On the left side of the main altar is the Sacred Heart altar with a beautiful mosaic of the Last Supper by Galimberti (1942). On the right side of the main altar is Our Lady’s altar with the painting of Our Lady of Grace. This painting is from the 14th century and is painted on slate. In 1955, layers of paint from previous restorations were removed to reveal the original. This painting has been a focus of devotion for Augustinians for more than two centuries, having come to them from the church of San Biagio in Tinta which was just around the corner from their old church of Santa Maria in Posterula.

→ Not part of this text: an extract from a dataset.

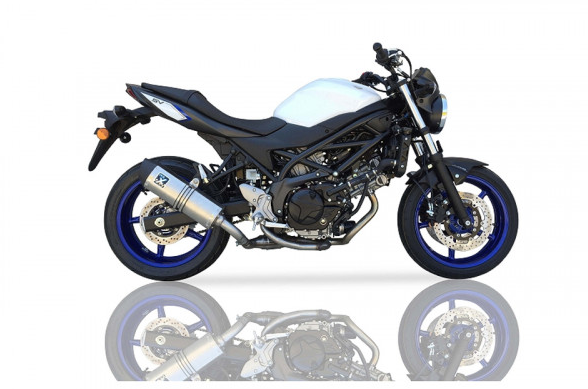Silenciador IXIL de acero inoxidable HEXOVAL XTREM Evolution para Suzuki SV 650 (My.16-18)
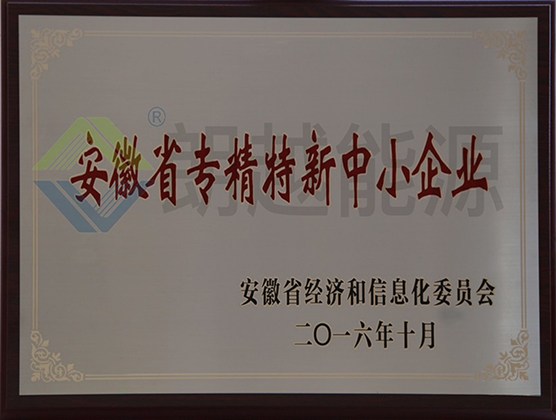 安徽省专精特新中小企业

In 1922 the American Parish of Rome was established at the Church of Santa Susanna not far from St. Patrick’s. It was staffed by the Paulist Fathers, an American Community of Priests from the United States founded in 1858. Santa Susanna has now been closed for over five years, for many reasons, and the American community had been celebrating Masses, Weddings, First Communions, Confirmations, Baptisms and Funerals at four neighboring churches. At the beginning the Vatican Secretary of State, the Vicariate (Diocese) of Rome and other Vatican Congregations were trying to help the Paulist Fathers and the American parish to return to Santa Susanna. However, the Cistercian Monastery which owns the Church was opposed to the return. At the same time, the Irish Augustinians had decided to leave Rome and therefore not continue their ministry at St. Patrick’s Church on Via Boncompagni. They own the Church (and still do) and the surrounding properties but were unsure of what to do with the Church when they were no longer here.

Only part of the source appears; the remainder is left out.